As enterprises proceed to speculate heavily in advanced analytics and enormous language models (LLMs), graph technology has grow to be some of the popular approaches to constructing the information stack. It allows users to know complex relationships of their data sets which might be often not apparent in traditional relational databases.
However, maintaining and querying graph databases alongside traditional relational databases is sort of laborious (and expensive). Today, PuppyGrapha San Francisco-based startup founded by former Google and LinkedIn employees raised $5 million to fill this gap with the world's first and only Zero ETL query engine. The engine allows users to question their existing relational data as a unified graph without the necessity for a separate graph database and lengthy extract-transform-load (ETL) processes.
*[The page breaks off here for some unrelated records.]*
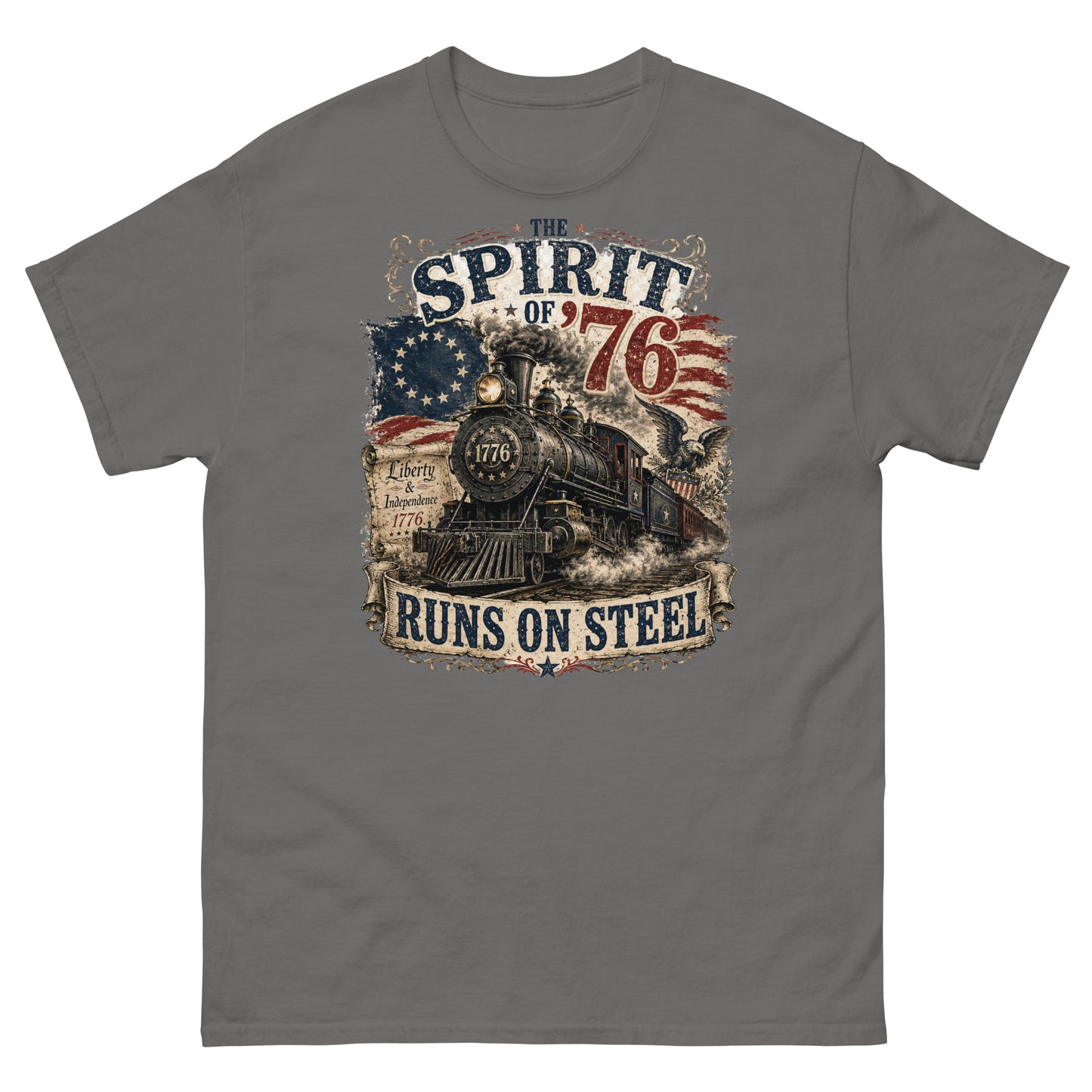 Gray t-shirt featuring a highly detailed vintage graphic. At the top, distressed text reads "THE SPIRIT OF '76". The center shows a classic steam locomotive with "1776" on the front plate, bursting from a 13-star Betsy Ross American flag. A bald eagle flies on the right, and a parchment scroll on the left reads "Liberty & Independence 1776". A banner at the bottom reads "RUNS ON STEEL".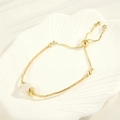 Detail eines verstellbaren 18K Goldperlenarmbands mit weißem Naturstein auf einer Muschel - Bergkristall-Stil (BR1694)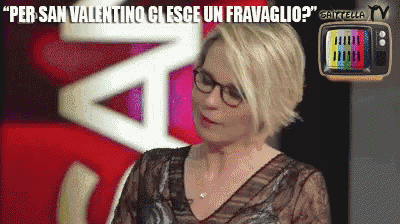 a woman wearing glasses says " per san valentino ci esce un fravaggio "
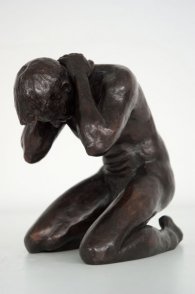 lateral frontal view of bronze sculpture of a male nude kneeling down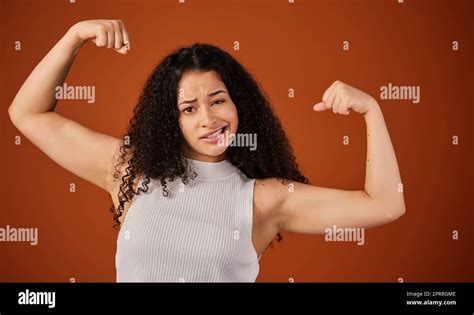 Im Crazy Strong Cropped Portrait Of An Attractive Young Woman Flexing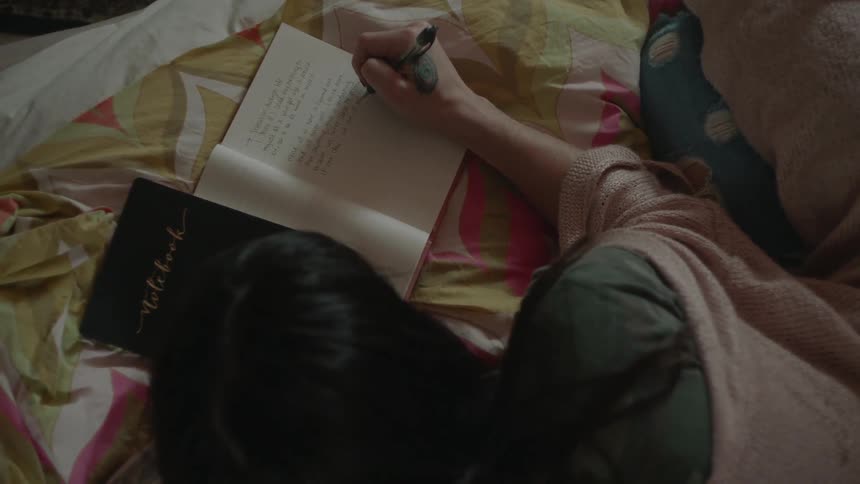 A woman is writing in a journal while sitting on a bed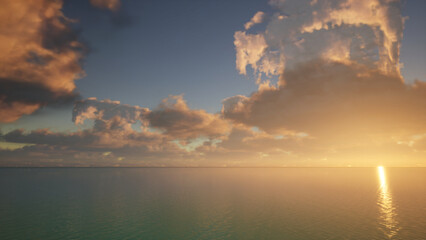 夕陽に輝く穏やかな海と大きな雲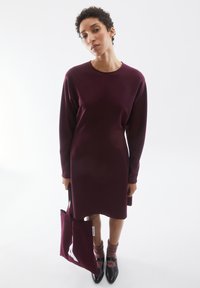 Bordeauxfarbenes Langarmkleid mit lockerer Passform, glatter Textur und minimalistischem Design. Begleitend dazu eine passende Tasche und schwarze Absatzschuhe.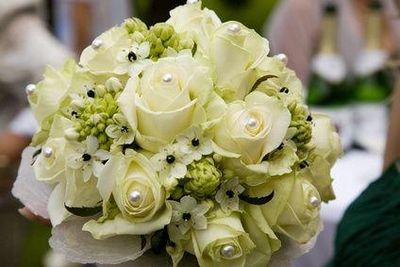 Nahaufnahme eines Blumenstraußes mit weißen Rosen und grünen Akzenten.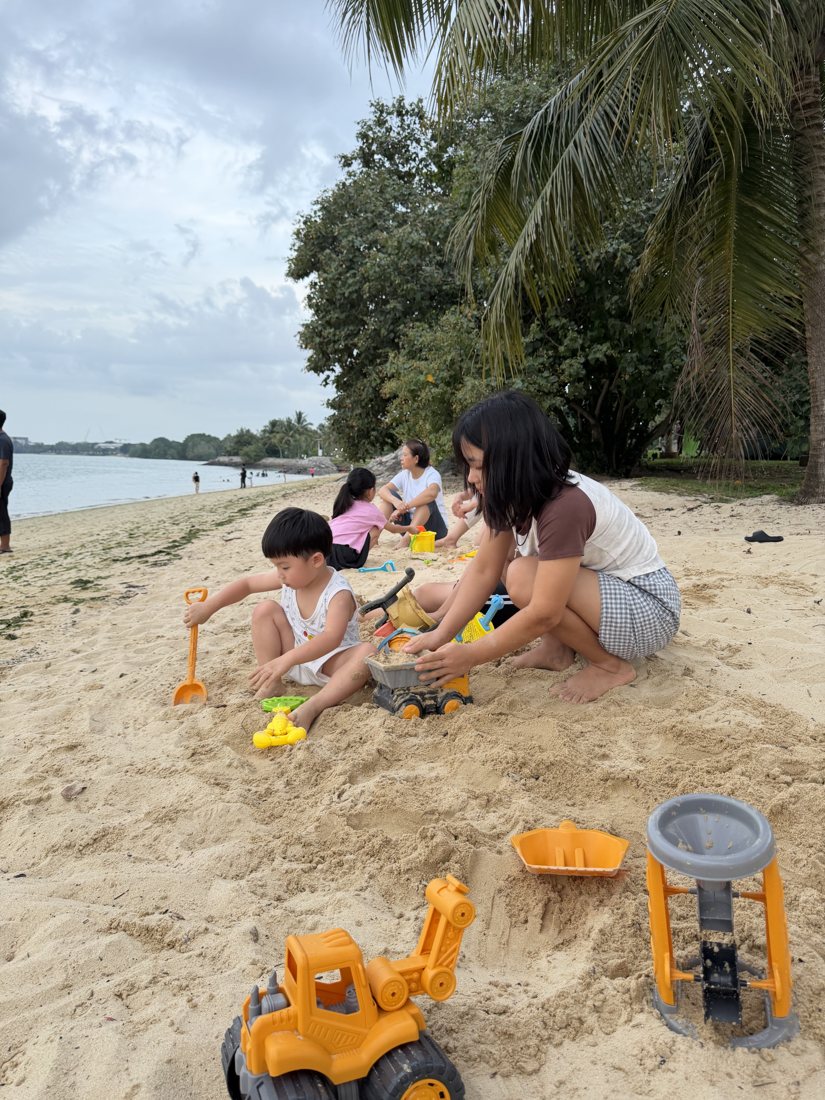 Helper playing with children at the beach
The engine was launched in March 2024 and is already getting used by several firms to simplify data evaluation. The eternally free developer edition alone is seeing a 70% increase in downloads month over month.
The need for PuppyGraph
A graph database architecture mirrors sketching on a whiteboard, storing all information in nodes (representing entities, people, and ideas) with relevant context and connections between them. This graph structure allows users to discover complex patterns and relationships that will not be easily apparent in traditional relational databases (query over SQL) and supply algorithms to quickly enable use cases akin to AI/ML, fraud detection, customer journey mapping, and risk management for networks .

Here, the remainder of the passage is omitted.